- **INFORMATION SUPPLIED**
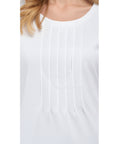 Women's Short Sleeve Cotton Knit T-shirt in Pintuck Style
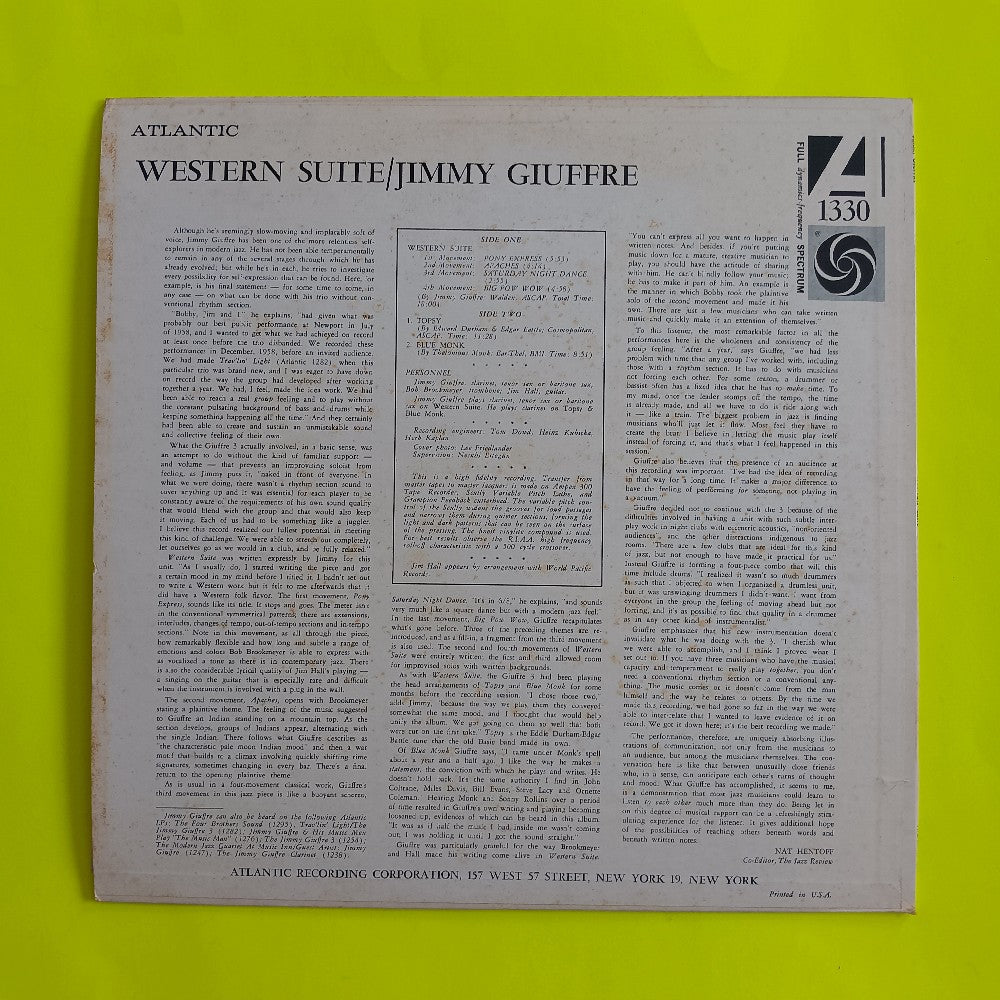 Jimmy Giuffre - Western Suite OG MONO - 1960 - Atlantic 1330 - Used - VG++ - Vinyl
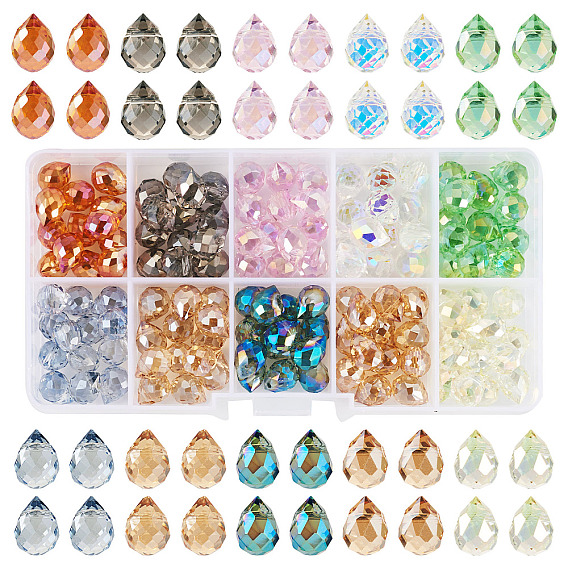 130 шт. 10 стили гальванических стеклянных бусин, прозрачные стеклянные амулеты, граненые, гальваническое покрытие, слеза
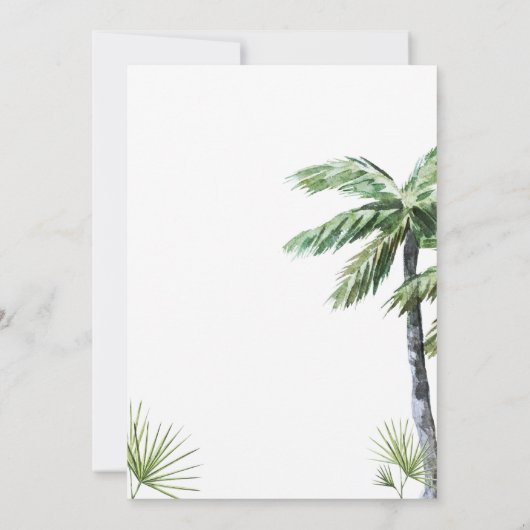 Waterverf Palm String Lights RSVP Kaart (Achterkant)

- **TASK ITEM**
Retype all the material word for word while skipping any picture it contains.

- **WRITTEN SOLUTION**
 Women's Short Sleeve Cotton Knit T-shirt in Pintuck Style
 Jimmy Giuffre - Western Suite OG MONO - 1960 - Atlantic 1330 - Used - VG++ - Vinyl
 130 шт. 10 стили гальванических стеклянных бусин, прозрачные стеклянные амулеты, граненые, гальваническое покрытие, слеза
 Waterverf Palm String Lights RSVP Kaart (Achterkant)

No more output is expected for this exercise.